◆ DIRECTIONS FOR THIS TASK ◆
As the answer, give exactly the lines of the records below from the one with "Trong ảnh: Tỷ" through the one with "Muscle Nation Bottoms", ends included and pictures left out.

◆ STORED DATA ◆
--
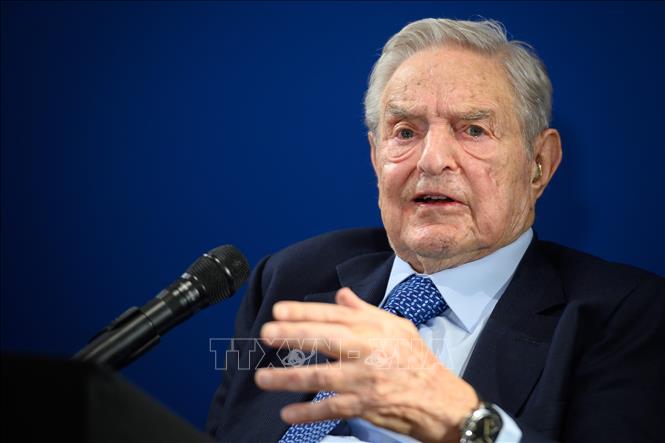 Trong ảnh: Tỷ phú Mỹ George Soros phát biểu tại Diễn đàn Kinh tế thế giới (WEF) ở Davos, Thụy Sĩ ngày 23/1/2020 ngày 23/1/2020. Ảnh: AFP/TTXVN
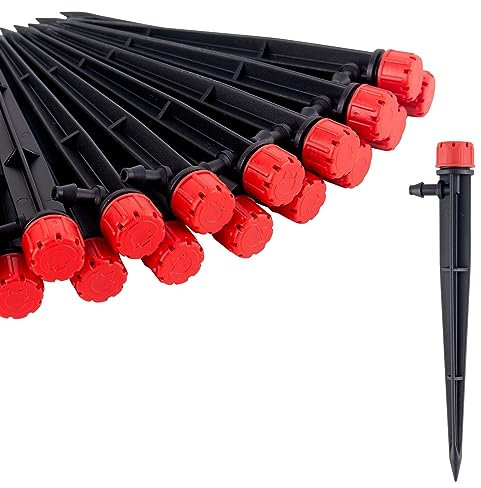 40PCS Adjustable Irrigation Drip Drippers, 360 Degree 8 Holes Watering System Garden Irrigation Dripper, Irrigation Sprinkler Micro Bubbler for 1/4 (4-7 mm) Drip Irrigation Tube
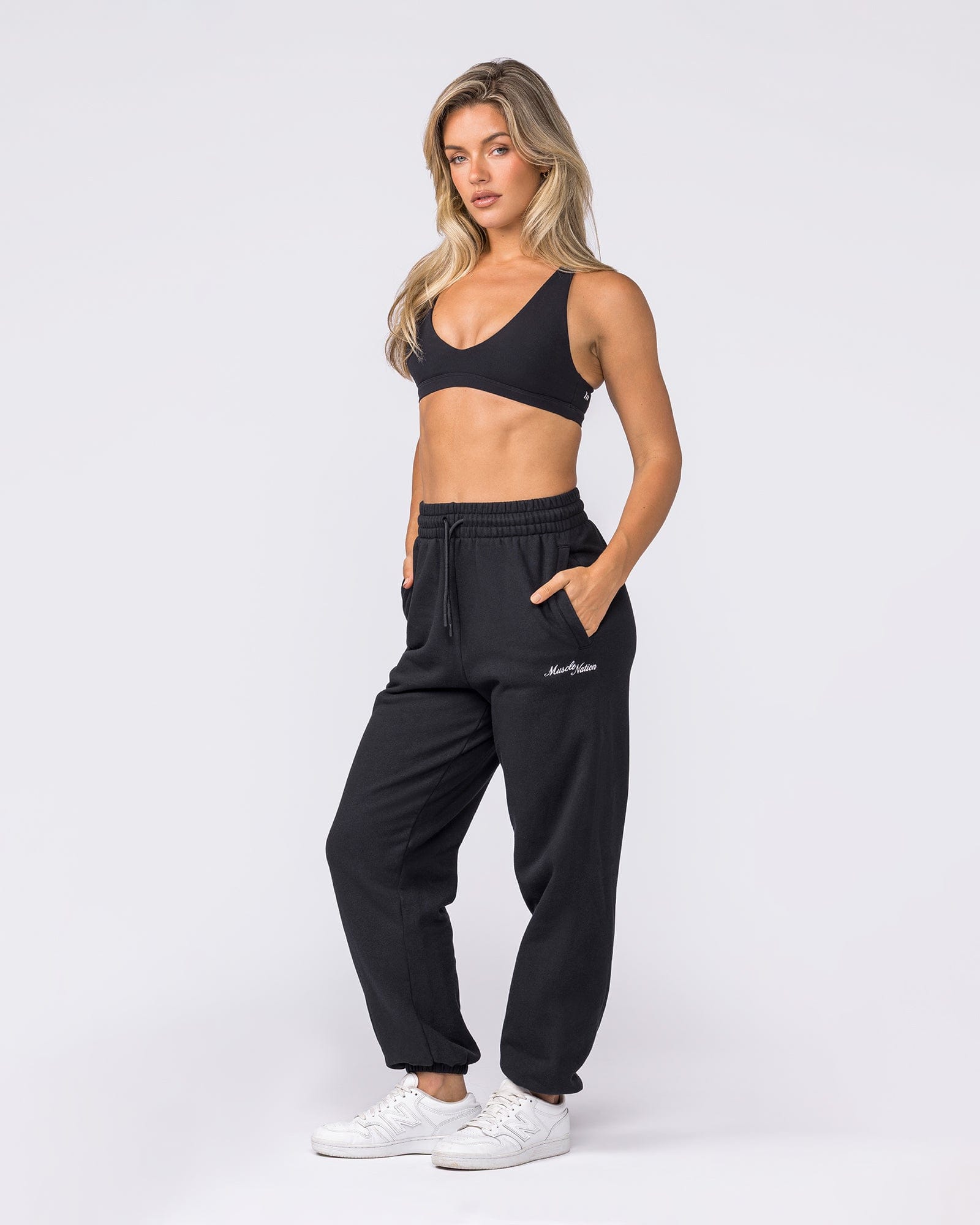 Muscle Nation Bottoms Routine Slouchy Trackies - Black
--
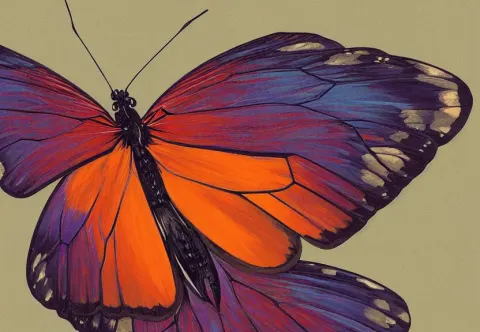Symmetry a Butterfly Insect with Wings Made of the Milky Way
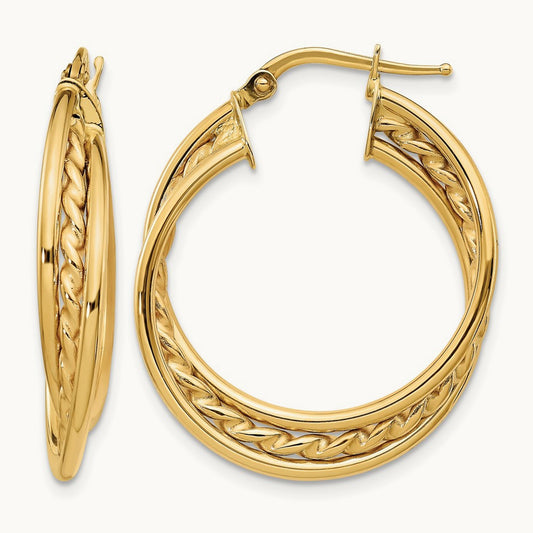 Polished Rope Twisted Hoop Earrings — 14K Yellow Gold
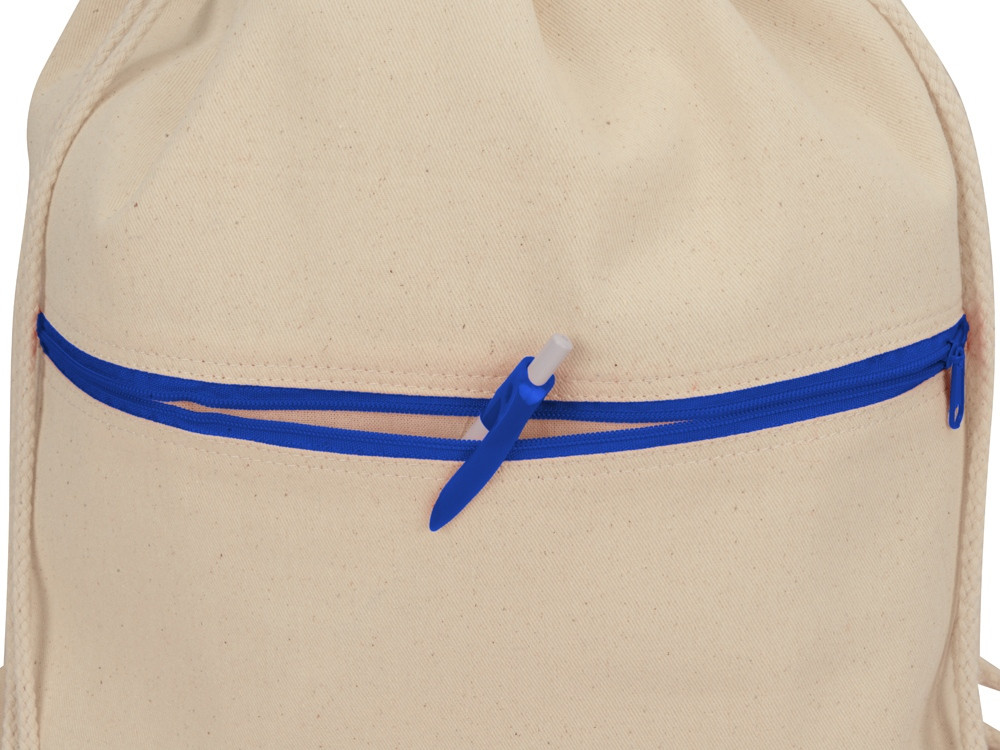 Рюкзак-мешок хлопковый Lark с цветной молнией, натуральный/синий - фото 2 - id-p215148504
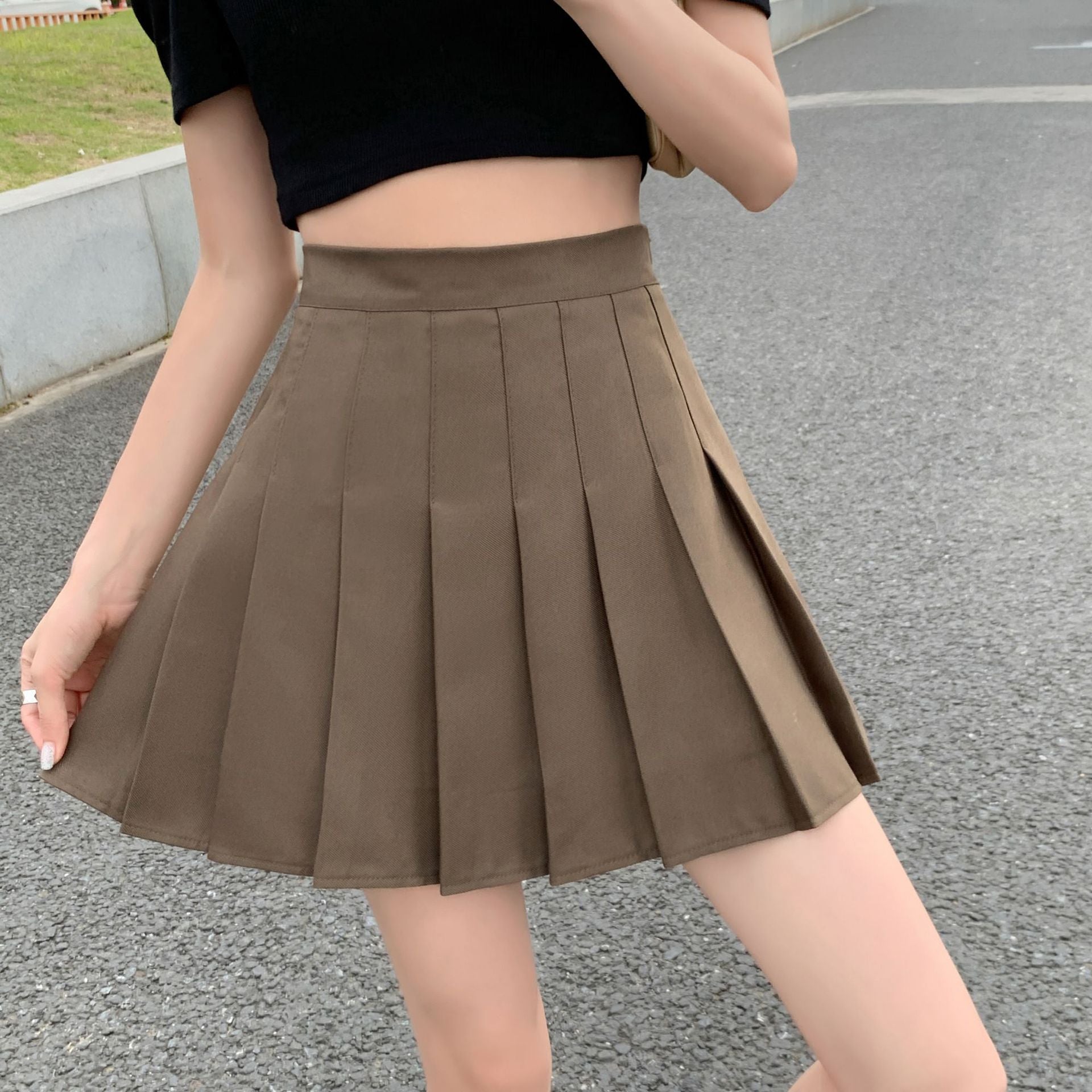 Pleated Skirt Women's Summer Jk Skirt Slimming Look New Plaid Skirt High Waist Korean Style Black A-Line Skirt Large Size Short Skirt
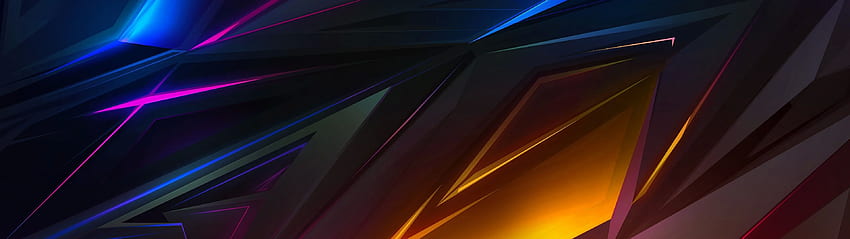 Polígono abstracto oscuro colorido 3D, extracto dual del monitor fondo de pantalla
--
◆ RESULT OF THIS EXERCISE ◆
 Trong ảnh: Tỷ phú Mỹ George Soros phát biểu tại Diễn đàn Kinh tế thế giới (WEF) ở Davos, Thụy Sĩ ngày 23/1/2020 ngày 23/1/2020. Ảnh: AFP/TTXVN
 40PCS Adjustable Irrigation Drip Drippers, 360 Degree 8 Holes Watering System Garden Irrigation Dripper, Irrigation Sprinkler Micro Bubbler for 1/4 (4-7 mm) Drip Irrigation Tube
 Muscle Nation Bottoms Routine Slouchy Trackies - Black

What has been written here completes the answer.